Fee Fixation Committee needs to act

Published at September 14, 2017 12:01 AM 0Comment(s)748views


Fee Fixation Committee needs to act

 

There are around ten lakh students enrolled in five thousand and two hundred (5,200) privately run educational institutions in Jammu and Kashmir. Though these schools are registered with Jammu and Kashmir Board of School Education (BOSE) or Central Board of Secondary Education (CBSE), the management, and rules and regulations by and large in these schools are set by internal school administrations or the owners. The very little or no say from government in the functioning of these schools may also be one of the reasons that the students from these schools perform well than their counterparts in government-run schools in Board exams. It’s also no secret that government run schools have failed to attract parents to enroll their children despite having sufficient funds and qualified staff at their disposal. In some way or the other, the less government interference may be the cause of private schools performing better academically and otherwise, but there is also a darker reality associated with it.

There have been widespread allegations of private schools charging exorbitant fees from students and in most of the cases the allegations have been found to be true. The privately-run schools besides charging the tuition fee from the students have been rather extorting money from parents under one pretext or the other. The issue also got highlighted after Sept 2014 floods hit the valley when schools continued to charge students their tuition fees and bus and fuel charges for the time period schools remained shut.
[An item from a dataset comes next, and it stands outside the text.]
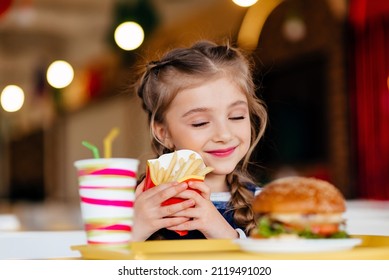 Little girl eating hamburger and French fries in a fast food restaurant. Child having sandwich and potato chips for lunch. Kids eat unhealthy fat food. Grilled fastfood sandwich for children.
At that point JK High Court had to pass directions to restrict school managements from demanding fees which was not due to them.

The government complicity in the matter could be gauged from the fact that courts more often than not had to intervene to protect the interests of the students and parents.

Supreme Court of India in May 2016 while deciding a similar case regarding higher education ordered that ‘no capitation fee should be charged by the education institutions and these should run on no-profit-no-loss basis’.

In 2013, Jammu and Kashmir constituted School Fee Fixation Committee (SFFC) to regulate the fee structure of private schools in the State. In 2015, government appointed Justice (Retd) Hakim Imtiyaz Hussain as SFFC’s chairman. After assuming the charge Justice Hussian had said: “It is well settled now, as has been laid down by the Supreme Court of India… that commercialization and exploitation is not permissible in the Education Sector,”

“Education is treated as a noble occupation on no profit-no-loss basis. Thus, those who establish and are managing the educational institutions are not expected to indulge in undue profiteering or commercialize this noble activity,” Justice (Retd) Hakim Imtiyaz Hussain had said.

What has been going on in the state (J&K) is contrary to the aims and objective for which the Fee Fixation Committee came into existence. High Court on August 24 had to direct government to either reconstitute or extend the term of old School Fee Fixation Committee after its chairman had completed his two-year term in July this year. The Court ordered ‘government may frame a policy of increasing the fee by a certain percentage amount across the board on an annual basis as per the criteria like inflation’. High Court division bench headed by Chief Justice Badar Durrez Ahmed said that ‘in case any school requires enhancement more than the prescribed rate, then on a case to case basis, the Committee would consider the cases individually’.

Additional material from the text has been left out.